[[ Records for the task open ]]

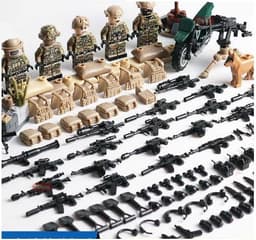image-Military minifigures assembled children's toys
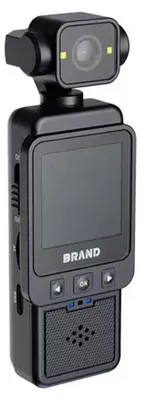 Produktbild von 1080P Mini-Action-Kamera, 1,6-Zoll-Display, Sportkamera mit WLAN, Bildstabilisierung, integriertem Aufhelllicht und 180° schwenkbarem Objektiv, ideal für Vlogs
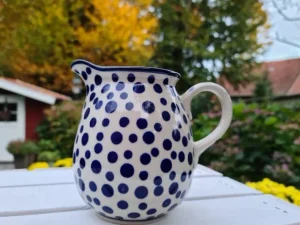 Krug, 500 ml,11 cm, Crazy Dots, BSN A-0305^Bunzlauer Keramik Discount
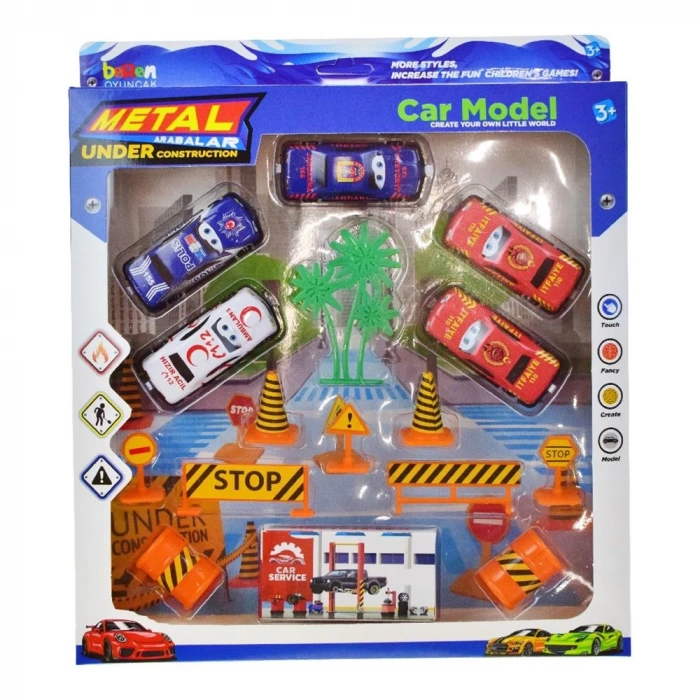 BEREN BRN-1090 KUTULU METAL TRAFİK SET (60)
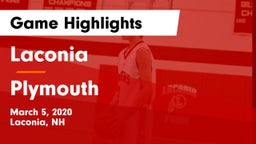 Laconia  vs Plymouth  Game Highlights - March 5, 2020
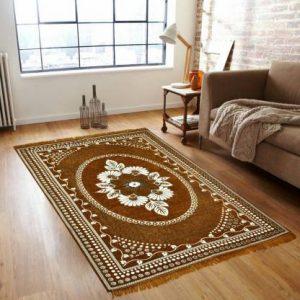TW TenTwo Brown Cotton Carpet (121 cm, X 183 cm, Rectangle)
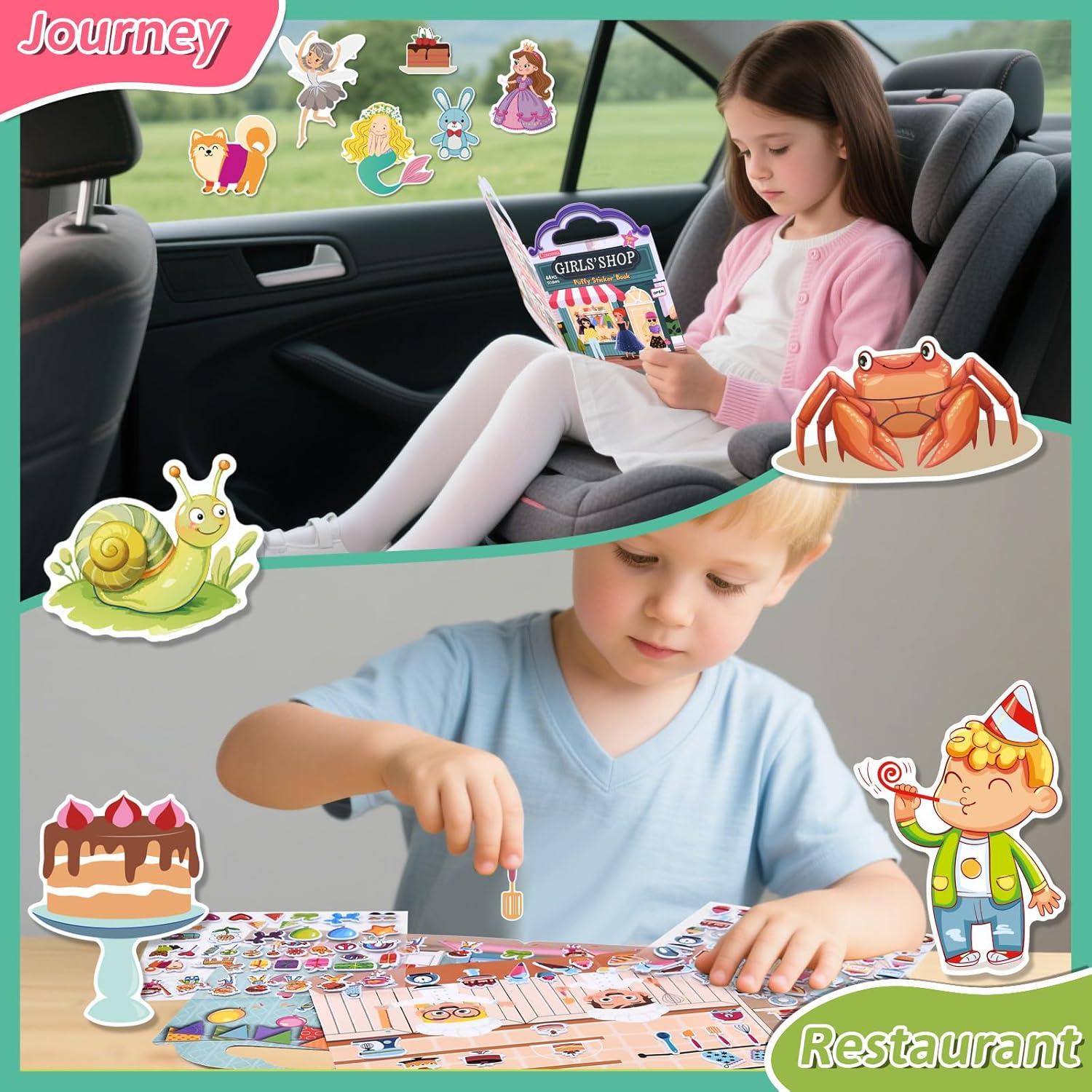 Set de Libros de Stickers Puffy Cosomia - 260 Stickers 3D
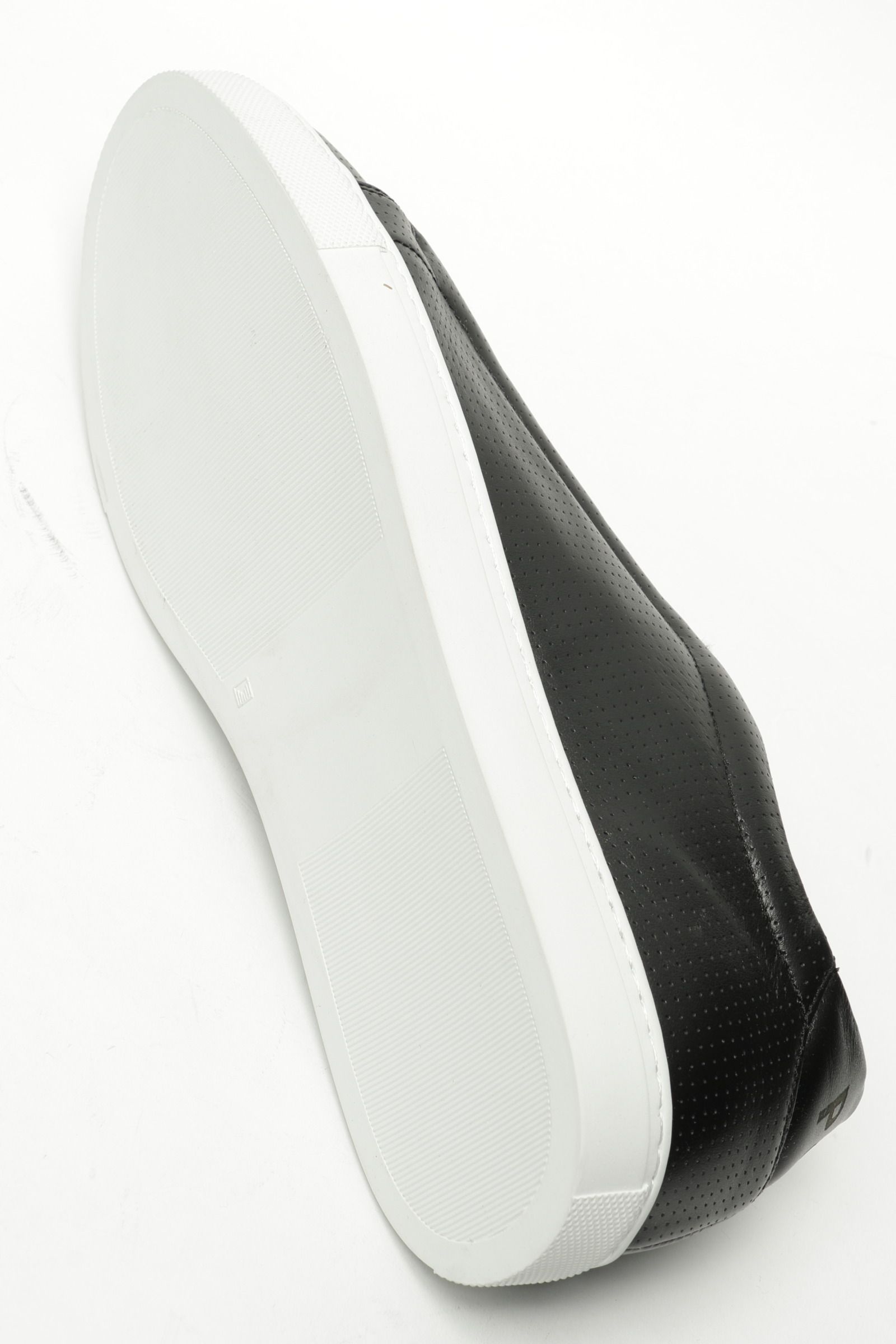 【メーカー協賛特別価格】TENDENZA SM41 パンチングレザー ローカット スニーカー / ブラック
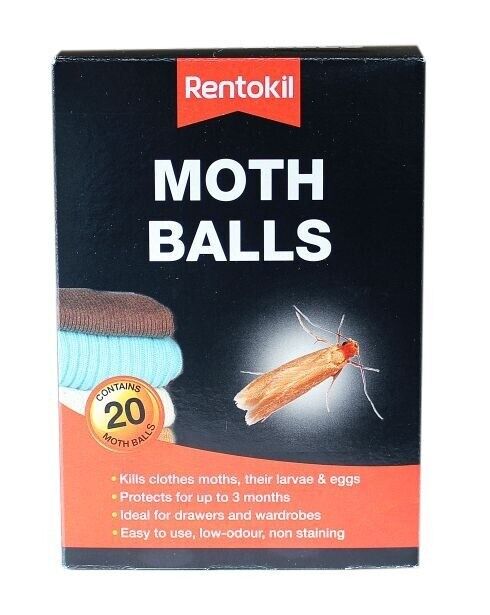 Rentokil Moth Balls Pack of 20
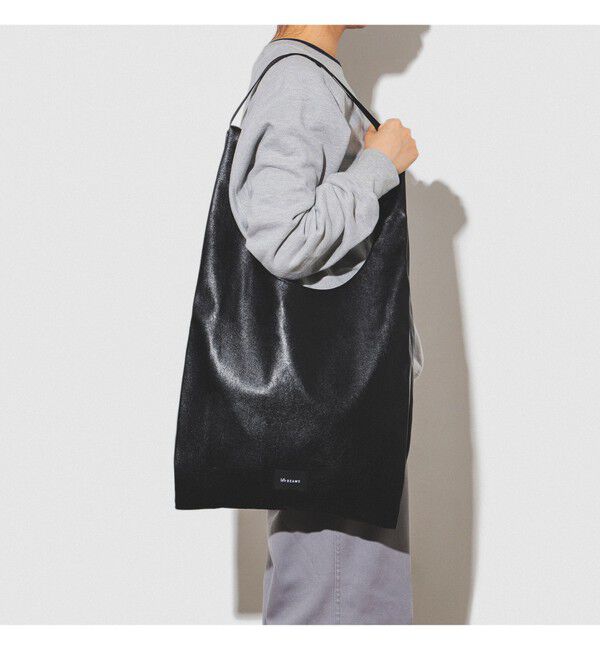 BEAMS「フェイクレザー ショッパー L」|ポーチ|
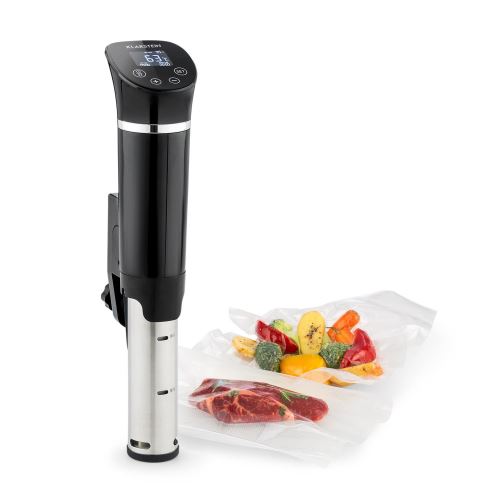 Klarstein Quickstick Flex Pompe de cuisson sous-vide - Thermoplongeur 1300W - noir
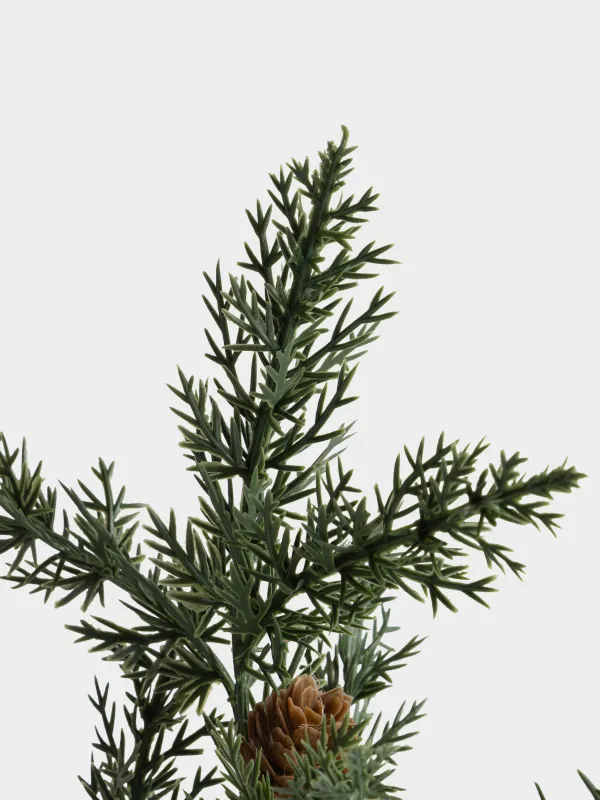Ветка декоративная, 45 см, Хвоя с шишками, Conifer decor, image-2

[[ Records for the task closed ]]

→ Work to be completed
A word-for-word copy is required of the lines above from the line with "BEAMS「フェイクレザー ショッパー L」|ポーチ|" through the last line of the data; no other lines and no pictures belong in it.

→ Task output
 BEAMS「フェイクレザー ショッパー L」|ポーチ|
 Klarstein Quickstick Flex Pompe de cuisson sous-vide - Thermoplongeur 1300W - noir
Ветка декоративная, 45 см, Хвоя с шишками, Conifer decor, image-2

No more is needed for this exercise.